Your Donations Transform Lives
Dear Project Legacy Supporters,
On Wednesday of this week, we gathered for our weekly Zoom Talking Circle. Joining us were youth from Denver, Minneapolis, St. Paul, Rochester and Fargo.
We spent the majority of our time processing and reacting to the verdict in the Derek Chauvin trial. What I had been hearing from our youth is that they were exhausted, emotionally spent, relieved at the verdict but enraged at the recent death of Daunte Wright, and now, Ma’Khia Bryant in Columbus.
As one of our college students said to me a few days later, “Karen, this is my life. I have no more tears to cry. I am so over this. I am so angry. Will this ever stop?”
Together with our youth, we sit with these questions.
Right now, many conversations are surrounding whether or not these shootings were justified. However, I’d like to point to something else that needs to be addressed around the deaths and lives of these two young people.
What brought Daunte and Ma’Khia in contact with law enforcement?
Perhaps that is part of the larger problem that needs to be addressed. Why did Daunte have an unpaid ticket? Why did the officer feel using a taser was warranted in this case? Would an officer use a taser on my white daughter in a similar stop? Why was Ma’Khia so out of control? What had brought her to this point in her life?
These are some of the things I question because I deal with similar situations, circumstances and fallout in my work every day with Project Legacy youth.
We currently have 33 first generation, BIPOC college students enrolled in Project Legacy. 25 of the 33 have parents who have been incarcerated. All are living below the poverty line. That same number have experienced homelessness.
Most of these young people, when they come to Project Legacy, are entangled in situations directly tied to the above situations.

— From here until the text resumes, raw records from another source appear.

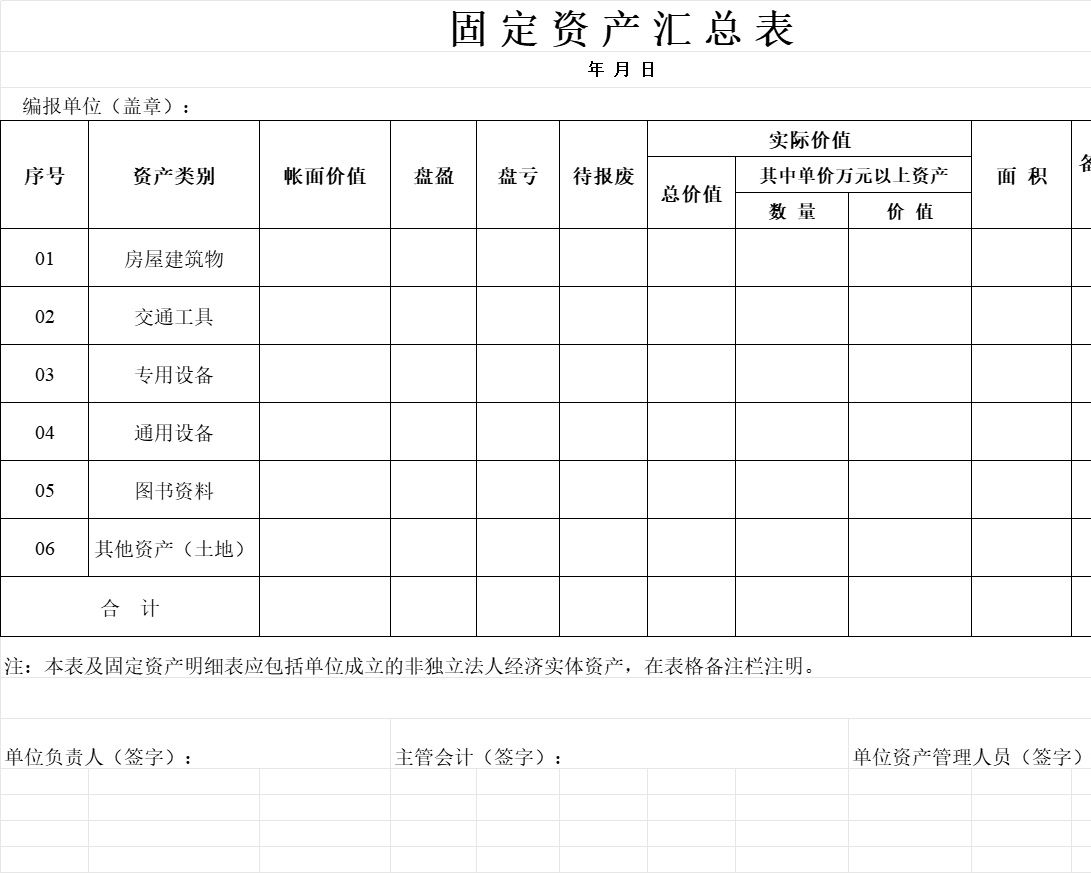 固 定 资 产 汇 总 表行政人事excel模板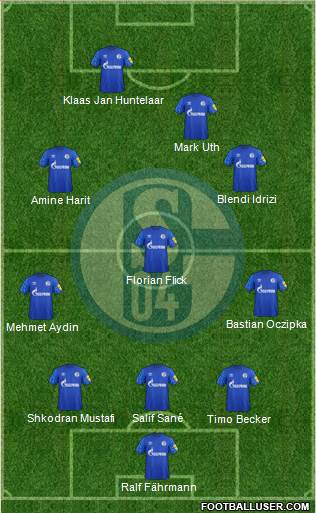 FC Schalke 04 5-4-1 football formation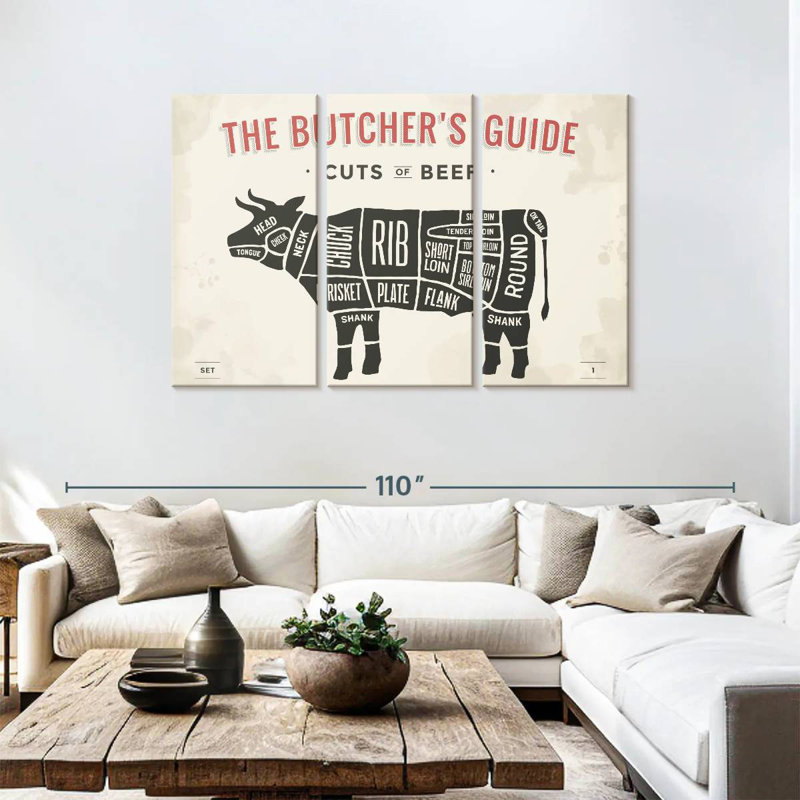 Plaque murale «Butcher's Guide To Cuts Of Beef», H 48 po x l 74 po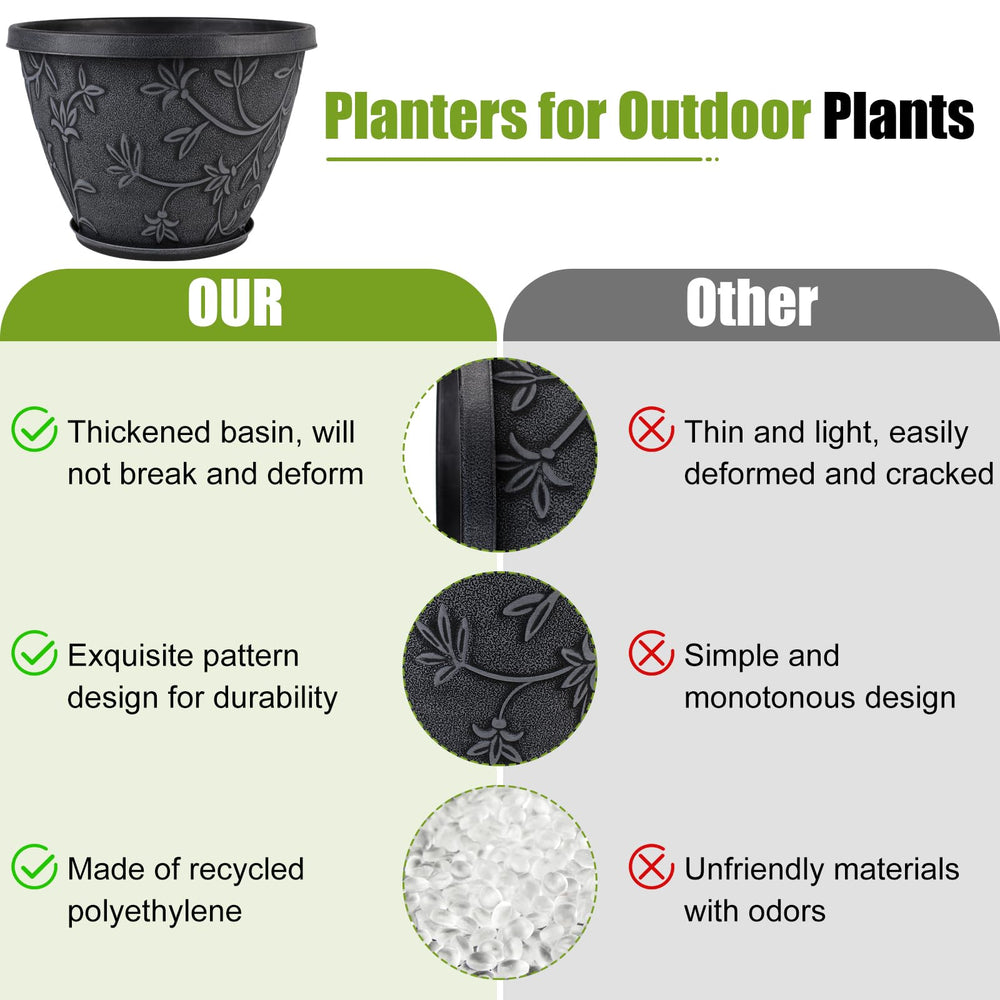 Nooulap 16 inch Imitation Magnolia Plant Pot with herbs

These situations are often barriers to their academic success, financial stability, mental and physical health. No driver’s license, no health insurance, advanced dental decay, unaddressed mental illness, substance use disorder, unpaid fines, warrants, hunger, and the list goes on and on.
At Project Legacy, we know these barriers can be resolved through intensive intervention, long-term support, and a compassionate landing spot that has become a second family to most of our youth.
This year, four of our youth were the first in their families to earn a Bachelor of Science degree. Next year, there will be four more Bachelor’s degrees and a Master’s degree. Each of these young people received many of the supports below, that otherwise could have presented barriers to their dreams, their academic success and their opportunity to pursue a different story for their lives.
Tuition assistance
Rental assistance
Food
Meal plans at college
Root canals
Eye glasses
New mattresses and bed frames
Furniture for apartments
Car repairs
Gas money
Travel money to school
Letters of recommendation
Mentoring
Vacations
Adults who are there on the other end of the phone around the clock
An alternative peer group with those on the same path as them
Your donations and support are contributing directly to the lives of our youth. We believe they are the ones who are going to be doing the work of changing our world.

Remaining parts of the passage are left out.